Derya Haroglu, Ahmet Eken, Zeynep Burçin Gönen, Dilek Bahar
The journal of the Textile Institute 2025 v.113 no.5 pp. 895-905
adhesion, anisotropy, cell adhesion, cell lines, fabrics, fibronectins, humans, interleukin-11, medicine, mice, myoblasts, myocardial infarction, myocardium, polyethylene terephthalates, porosity, therapeutics
Cardiac patch has been proposed as an alternative therapeutic tissue engineering strategy to treat damaged heart for patients who survive the acute myocardial infarction (MI).

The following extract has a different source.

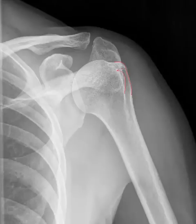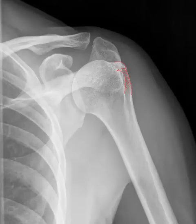Between the tuberosities is a more lucent area. This is the intertubercular groove, and the long head of the biceps tendon lives in this location. Other anatomy that can be seen includes the humeral head, humeral neck, and humeral shaft.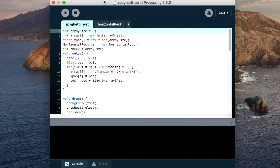Alright, the code's done. At the top here we have a few global variables: the size of the array we want to sort, the array to be sorted, the positions to draw the vertical bars at, and the bar object. I made a horizontal bar class because I need a fair bit of functionality from the bar, so it was easier to make a class with methods.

To that end, studies have focused on designing an ideal cardiac patch assisting myocardium to repair itself. The engineering of three dimensional (3 D) anisotropic knitted scaffolds could be an efficient and effective strategy for cardiac patches. Thus, the polyethylene terephthalate (PET) pile loop knit fabrics were fabricated as 3 D scaffolds, where the values of stiffness (Young’s modulus) of the scaffolds were similar to those reported for the human myocardium. Anisotropic porous knitted scaffolds supported the adhesion and proliferation of murine C2C12 myoblasts cell line in vitro. Scaffolds with a high surface to volume ratio and porosity exhibited superior performance in terms of cell adhesion and proliferation. Furthermore, out of thirteen proinflammatory cytokines, the levels of three cytokines including IL-1α, IL-1β, and IL-11 were observed to be higher in cells seeded on scaffolds coated with fibronectin than those in related control groups. Thus, the proposed knitted structure can potentially be used for tissue engineering and regenerative medicine.